You do not need a perfect floral brief before you reach out. Most clients start with fragments, a saved color palette, a few venue photos, one bouquet they love, and a feeling they want the room to hold.
That is a normal place to begin. A good consultation gives those fragments shape, so the next steps feel calm instead of vague.
At Fiore, the consultation process is how we turn taste into decisions. It helps us understand the occasion, the space, the budget, and the kind of floral work that will matter most, whether you are planning a wedding, a private event, or weekly floral services.
Clients rarely begin with flower names. They begin with language like soft and sculptural, clean and modern, romantic but not fussy, lush but not heavy. The consultation is where that language becomes scale, palette, mechanics, vessel choices, delivery timing, and a design plan that fits the moment.
Why the consultation matters
A floral consultation is not a sales script. It is the start of a working relationship. Its job is to make sure the flowers fit the room, the mood, and the priorities behind the budget.
That matters because most floral decisions are connected. If the ceremony needs the strongest visual moment, that affects what happens at the reception. If the room already has bold architecture, the flowers may need restraint instead of volume. If the budget needs to work hard, the consultation helps decide where impact belongs.

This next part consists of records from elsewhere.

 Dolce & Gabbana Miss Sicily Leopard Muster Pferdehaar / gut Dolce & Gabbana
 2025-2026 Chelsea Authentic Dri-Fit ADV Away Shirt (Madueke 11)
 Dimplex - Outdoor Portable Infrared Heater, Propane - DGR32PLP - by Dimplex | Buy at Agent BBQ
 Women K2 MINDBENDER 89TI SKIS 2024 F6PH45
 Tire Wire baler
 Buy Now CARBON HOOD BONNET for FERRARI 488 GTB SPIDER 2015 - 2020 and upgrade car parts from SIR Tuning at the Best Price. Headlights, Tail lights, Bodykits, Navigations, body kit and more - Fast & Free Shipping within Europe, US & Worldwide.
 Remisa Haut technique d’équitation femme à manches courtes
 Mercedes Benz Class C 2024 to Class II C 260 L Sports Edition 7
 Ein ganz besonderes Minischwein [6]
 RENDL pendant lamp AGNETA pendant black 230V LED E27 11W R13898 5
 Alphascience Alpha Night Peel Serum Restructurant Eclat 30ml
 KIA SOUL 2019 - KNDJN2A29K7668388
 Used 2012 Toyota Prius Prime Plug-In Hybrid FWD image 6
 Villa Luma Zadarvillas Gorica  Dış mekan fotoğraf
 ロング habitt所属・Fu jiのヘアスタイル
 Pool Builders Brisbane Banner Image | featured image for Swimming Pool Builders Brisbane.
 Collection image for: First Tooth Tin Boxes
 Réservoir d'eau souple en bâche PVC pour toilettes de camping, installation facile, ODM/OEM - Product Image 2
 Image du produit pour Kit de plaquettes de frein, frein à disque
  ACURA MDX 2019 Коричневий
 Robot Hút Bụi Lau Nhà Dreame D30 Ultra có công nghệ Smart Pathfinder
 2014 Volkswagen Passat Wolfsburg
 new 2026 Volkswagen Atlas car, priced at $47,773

Clients often tell us they want to feel understood before anything else. That shows up in Fiore reviews again and again. One client said Masha “took the time to really listen to us and understand what we were hoping to create.” That kind of listening is not extra, it is the process.
If you want a broader primer on how floral choices shape a room, our guide to floral design is a useful place to start.
Your first step, the initial inquiry
Every strong consultation starts with a short exchange. We need just enough information to understand the date, location, scale, and kind of help you need.
You do not need every detail finalized. Approximate information is still helpful at this stage.
What to share in your inquiry
- Date: The first question is always availability.
- Venue or delivery location: A hotel, private home, office lobby, and restaurant each ask for something different.
- Guest count or scale: Even a rough range helps shape the recommendation.
- Budget range: This helps us suggest the right scope from the start.
- Type of floral service: Wedding flowers, event florals, weekly floral services, or a custom request.
For studio inquiries, Fiore replies in under 48 hours. That early clarity helps you know whether the project is a fit before you spend time refining details.